Exercise brief:
From the entries below, return only the lines starting at the one that contains "Lace Botton Down Blouse" and ending at the one that contains "Terrein-jeep met kampeeraanhanger", exactly as they stand.

Extracted entries:
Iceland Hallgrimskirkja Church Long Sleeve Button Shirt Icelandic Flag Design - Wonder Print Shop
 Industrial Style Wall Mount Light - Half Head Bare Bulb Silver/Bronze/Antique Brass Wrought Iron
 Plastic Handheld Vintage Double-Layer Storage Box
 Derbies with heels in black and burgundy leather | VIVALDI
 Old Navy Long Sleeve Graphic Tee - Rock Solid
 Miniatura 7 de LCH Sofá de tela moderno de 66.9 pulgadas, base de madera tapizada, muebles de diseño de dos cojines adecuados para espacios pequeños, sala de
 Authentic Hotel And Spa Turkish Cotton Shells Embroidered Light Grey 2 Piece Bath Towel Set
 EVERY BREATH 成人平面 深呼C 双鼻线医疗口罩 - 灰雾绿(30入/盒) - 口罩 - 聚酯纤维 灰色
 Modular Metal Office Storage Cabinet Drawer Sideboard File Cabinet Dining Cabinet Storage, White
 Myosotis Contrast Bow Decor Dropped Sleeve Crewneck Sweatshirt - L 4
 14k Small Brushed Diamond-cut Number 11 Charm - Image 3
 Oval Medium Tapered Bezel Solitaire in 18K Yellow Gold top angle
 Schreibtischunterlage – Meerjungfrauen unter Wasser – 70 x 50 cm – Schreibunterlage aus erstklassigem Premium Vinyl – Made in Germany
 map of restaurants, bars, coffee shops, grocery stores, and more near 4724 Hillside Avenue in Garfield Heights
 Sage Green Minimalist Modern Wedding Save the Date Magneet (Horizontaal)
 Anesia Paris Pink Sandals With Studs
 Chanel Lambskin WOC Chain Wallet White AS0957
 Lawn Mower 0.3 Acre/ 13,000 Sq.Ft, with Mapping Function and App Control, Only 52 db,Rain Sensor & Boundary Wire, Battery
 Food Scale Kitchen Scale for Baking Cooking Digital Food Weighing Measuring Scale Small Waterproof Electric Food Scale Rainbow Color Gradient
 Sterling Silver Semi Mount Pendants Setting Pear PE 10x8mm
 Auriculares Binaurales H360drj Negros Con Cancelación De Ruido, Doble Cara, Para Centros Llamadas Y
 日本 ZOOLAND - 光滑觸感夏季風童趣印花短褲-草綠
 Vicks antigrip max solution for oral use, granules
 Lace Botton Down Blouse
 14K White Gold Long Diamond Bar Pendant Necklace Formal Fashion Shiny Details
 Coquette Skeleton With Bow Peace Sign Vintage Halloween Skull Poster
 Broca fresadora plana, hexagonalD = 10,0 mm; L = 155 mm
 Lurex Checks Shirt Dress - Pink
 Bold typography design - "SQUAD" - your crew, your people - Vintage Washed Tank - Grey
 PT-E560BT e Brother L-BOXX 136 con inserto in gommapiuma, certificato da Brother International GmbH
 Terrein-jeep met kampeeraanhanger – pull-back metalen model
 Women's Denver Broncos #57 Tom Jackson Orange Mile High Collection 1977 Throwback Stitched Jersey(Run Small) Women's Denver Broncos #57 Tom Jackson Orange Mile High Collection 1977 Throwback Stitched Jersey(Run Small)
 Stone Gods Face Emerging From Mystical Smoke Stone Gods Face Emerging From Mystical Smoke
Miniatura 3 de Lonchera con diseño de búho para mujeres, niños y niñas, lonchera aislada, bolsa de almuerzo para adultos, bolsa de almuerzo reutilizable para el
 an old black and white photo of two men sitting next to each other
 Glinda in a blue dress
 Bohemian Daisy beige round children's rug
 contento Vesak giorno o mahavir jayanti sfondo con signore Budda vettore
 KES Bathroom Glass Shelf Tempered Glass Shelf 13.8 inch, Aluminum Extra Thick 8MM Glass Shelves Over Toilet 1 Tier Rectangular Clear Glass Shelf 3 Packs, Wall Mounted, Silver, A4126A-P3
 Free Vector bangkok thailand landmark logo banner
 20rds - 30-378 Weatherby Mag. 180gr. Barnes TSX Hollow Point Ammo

Response to this exercise:
 Lace Botton Down Blouse
 14K White Gold Long Diamond Bar Pendant Necklace Formal Fashion Shiny Details
 Coquette Skeleton With Bow Peace Sign Vintage Halloween Skull Poster
 Broca fresadora plana, hexagonalD = 10,0 mm; L = 155 mm
 Lurex Checks Shirt Dress - Pink
 Bold typography design - "SQUAD" - your crew, your people - Vintage Washed Tank - Grey
 PT-E560BT e Brother L-BOXX 136 con inserto in gommapiuma, certificato da Brother International GmbH
 Terrein-jeep met kampeeraanhanger – pull-back metalen model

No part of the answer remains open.